Related
I have an expensive function which I want to run as few times as possible with the following requirement:
I have several input values to try
If the function returns a value below a given threshold, I don't want to try other inputs
if no result is below the threshold, I want to take the result with the minimal output
I could not find a nice solution using Iterator's takeWhile/dropWhile, because I want to have the first matching element included. just ended up with the following solution:
val pseudoResult = Map("a" -> 0.6,"b" -> 0.2, "c" -> 1.0)
def expensiveFunc(s:String) : Double = {
pseudoResult(s)
}
val inputsToTry = Seq("a","b","c")
val inputIt = inputsToTry.iterator
val results = mutable.ArrayBuffer.empty[(String, Double)]
val earlyAbort = 0.5 // threshold
breakable {
while (inputIt.hasNext) {
val name = inputIt.next()
val res = expensiveFunc(name)
results += Tuple2(name,res)
if (res<earlyAbort) break()
}
}
println(results) // ArrayBuffer((a,0.6), (b,0.2))
val (name, bestResult) = results.minBy(_._2) // (b, 0.2)
If i set val earlyAbort = 0.1, the result should still be (b, 0.2) without evaluating all the cases again.
You can make use of Stream to achieve what you are looking for, remember Stream is some kind of lazy collection, that evaluate operations on demand.
Here is the scala Stream documentation.
You only need to do this:
val pseudoResult = Map("a" -> 0.6,"b" -> 0.2, "c" -> 1.0)
val earlyAbort = 0.5
def expensiveFunc(s: String): Double = {
println(s"Evaluating for $s")
pseudoResult(s)
}
val inputsToTry = Seq("a","b","c")
val results = inputsToTry.toStream.map(input => input -> expensiveFunc(input))
val finalResult = results.find { case (k, res) => res < earlyAbort }.getOrElse(results.minBy(_._2))
If find does not get any value, you can use the same stream to find the min, and the function is not evaluated again, this is because of memoization:
The Stream class also employs memoization such that previously computed values are converted from Stream elements to concrete values of type A
Consider that this code will fail if the original collection was empty, if you want to support empty collections you should replace minBy with sortBy(_._2).headOption and getOrElse by orElse:
val finalResultOpt = results.find { case (k, res) => res < earlyAbort }.orElse(results.sortBy(_._2).headOption)

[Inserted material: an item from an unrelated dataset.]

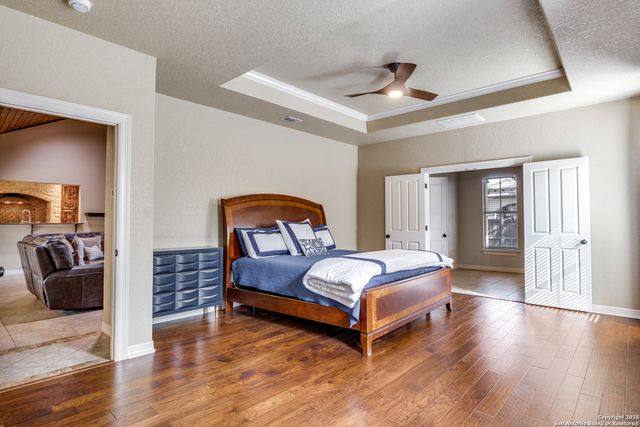 205 Lone Tree, Boerne, TX 78006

And the output for this is:
Evaluating for a
Evaluating for b
finalResult: (String, Double) = (b,0.2)
finalResultOpt: Option[(String, Double)] = Some((b,0.2))
The clearest, simplest, thing to do is fold over the input, passing forward only the current best result.
val inputIt :Iterator[String] = inputsToTry.iterator
val earlyAbort = 0.5 // threshold
inputIt.foldLeft(("",Double.MaxValue)){ case (low,name) =>
if (low._2 < earlyAbort) low
else Seq(low, (name, expensiveFunc(name))).minBy(_._2)
}
//res0: (String, Double) = (b,0.2)
It calls on expensiveFunc() only as many times as is needed, but it does walk through the entire input iterator. If that's still too onerous (lots of input) then I'd go with a tail-recursive method.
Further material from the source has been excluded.